Josh Sosland

With the winter wheat harvest winding down and the spring wheat harvest rapidly gaining momentum, hopes for an 11th hour increase in hard winter protein or spring wheat production have evaporated. Wheat production in 2017 is significantly smaller than last year, and supplies of high quality wheat with protein will be tight. For bakers, the supply situation creates real challenges.

In particular, bakery flour prices currently are running 20% to 50% higher than those prevailing at the beginning of August 2016. Not since 2014 have prices for basic bread flour averaged levels at which flour prices have been quoted most recently. Similarly, spring standard prices haven’t held at current levels since 2011. Other ingredient prices have been trending higher as well. The overall pan bread ingredient index, as compiled by Milling & Baking News, is up about 16% from last year while the bagel ingredient index (more heavily reliant on spring wheat) is up 38%.
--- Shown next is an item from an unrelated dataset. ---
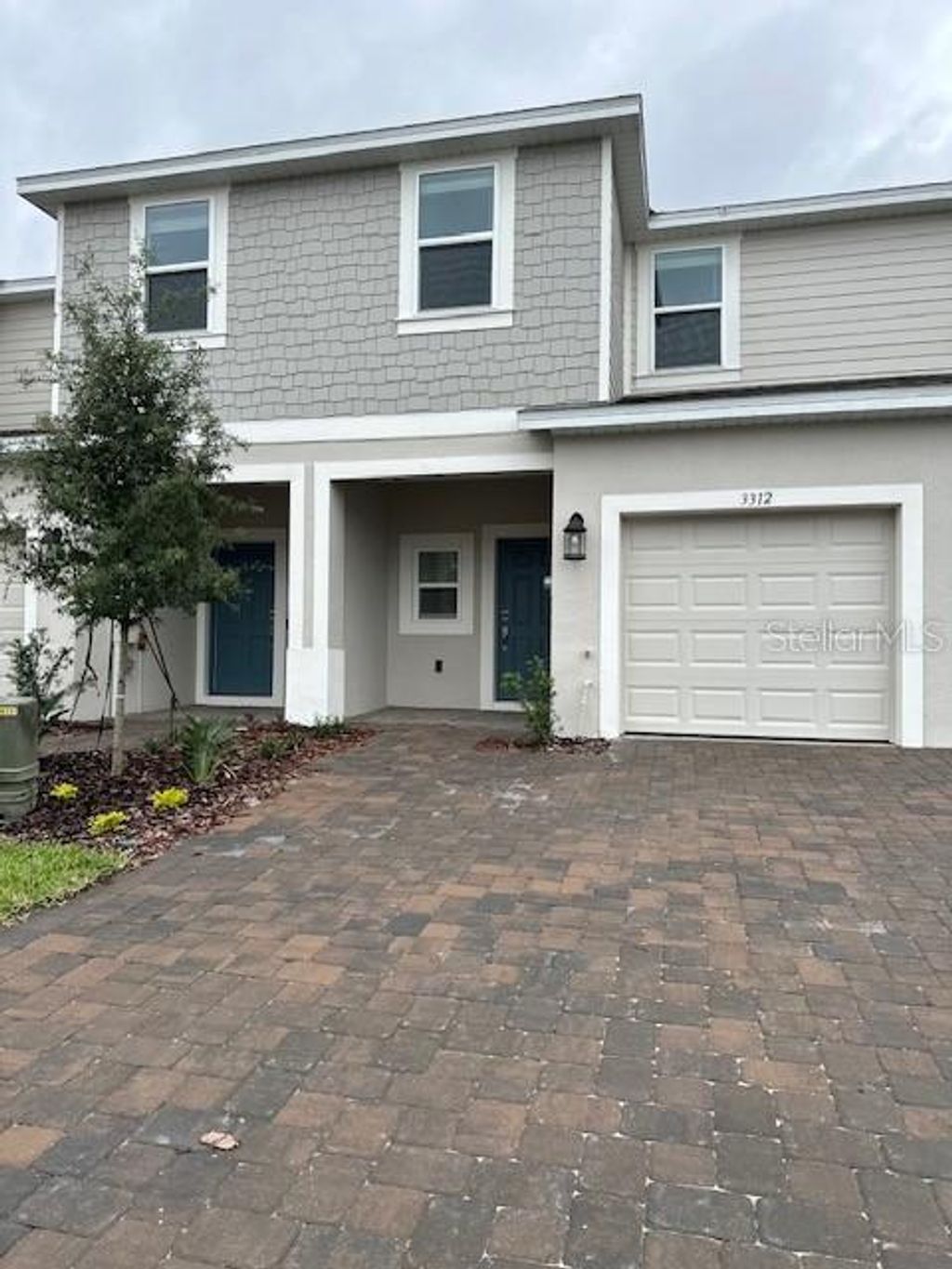 Photo of Davenport, FL 33837 (MLS # S5137405)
Toward what range bakery flour prices will gravitate over the 2017-18 crop year remains unclear, as demonstrated by wide swings last week in both wheat futures and the cash premiums. Still, there is no escaping the reality that ingredient prices will be significantly higher this year than was the case the last two. Government data indicate scant movement in average retail prices for bread and other baked foods over the past year. Bakers must recognize that ingredient market conditions leave such flat pricing untenable going forward.